Transitive, a start-up specialising in software that translates software for one chip so it can run on another, plans to release software this quarter so programs for Sun Microsystems’ Sparc chips can be used on Intel Xeon chips.
Transitive, a start-up specialising in software that translates software for one chip so it can run on another, plans to release software this quarter so programs for Sun Microsystems’ Sparc chips can be used on Intel Xeon chips.
This is very interesting, because there is still virtually no commercial software from ISVs for Solaris x86 available. So the Opteron workstations from Sun could only be used as development machines. With the possibility of translation similiar to Apples Rosetta, the user finally can start to use Solaris software for SPARC on these machines and if they are not satisfied with the performance, they can put more pressure on ISVs for supporting their software for Solaris x86.
True, two that come to mind, that are on SPARC but not x86 are Framemaker and Acrobat Reader.
The problem, howevwer with translation is this; whether the vendor will actually eventually port or will they turn around and say, “hey, it works well enough on the translation layer, who cares about porting it!”.
No I don’t think this is a valid excuse, just as little, as for developers for MacOS X software, not to provide Intel binaries.

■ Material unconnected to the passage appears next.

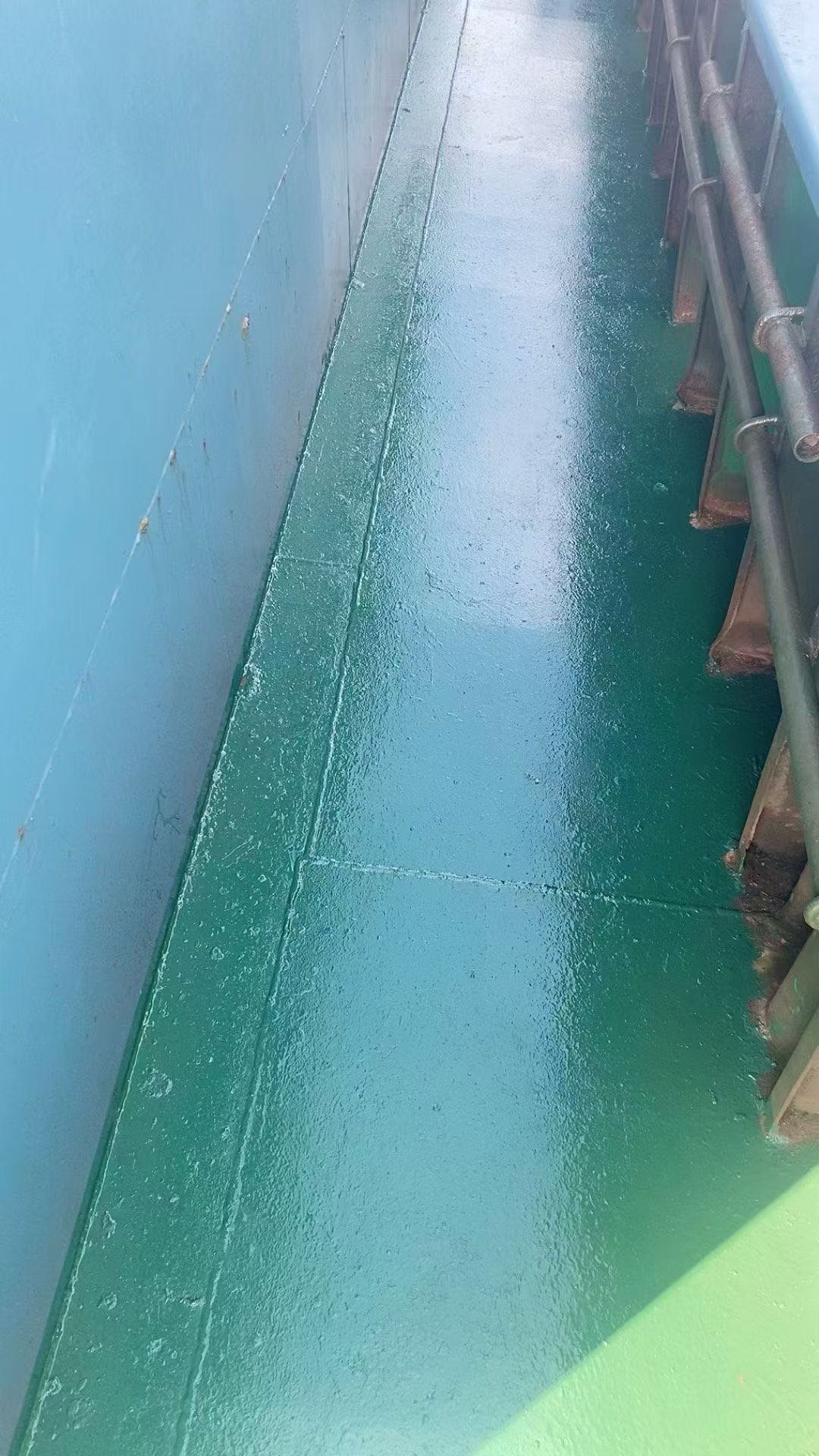 出售：500吨水船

This is especially valid for ressource hungry software like software for EDA, CAE, CAM … So running this software with translation software is a proof of concept, but for production, native software is still required.
Regards,
Anton
Given Adobes past actions in regards to porting (exampl being frammaker on Linux), I am very skeptical as to whether they’re willing to port anything or any substantial value to Solaris, let alone any other platform.
Good news but it would be even better to be able to translate x86 to (insert favourite processor here).
I find it strange and somehow funny that all modern x86 CPUs are essentially RISCs dressing as ugly x86-CISCs for the sake of backwards compatibility.
If we could get past this stage assembly code would both look nicer and run faster. That’s at least my guess…
While I dislike the x86 ISA too (at least x86-64 has 16 registers) Transmeta tried to translate x86 to a VLIW which was custom designed to emulate x86 (having a compatible FPU for example) and they still performed quite poorly on the benchmarks..
Sure Transmeta’s failure doesn’t mean that it is impossible but it seems nearly impossible.
Also remember that the RISC should have a FPU which is capable of handling at least 80-bit floating operations mode: otherwise it would be very slow in non-SSE FP operations..
AFAIK OoO x86 is faster on general integer code because it usually decode/commit less instructions even if issue rate is the same.
Floating point code is weaker because of x87 legacy (Hope it will be kicked off in a future).
PPC970 processor has some quirks in microarchitecture so it can’t stand against x86 in despite of the fact what 970 is even more complex conceptually than recent P6-derivatives.
Other RISC vendors (SUN =) are lagging behind with their products.
Of course in embedded world the situation is different.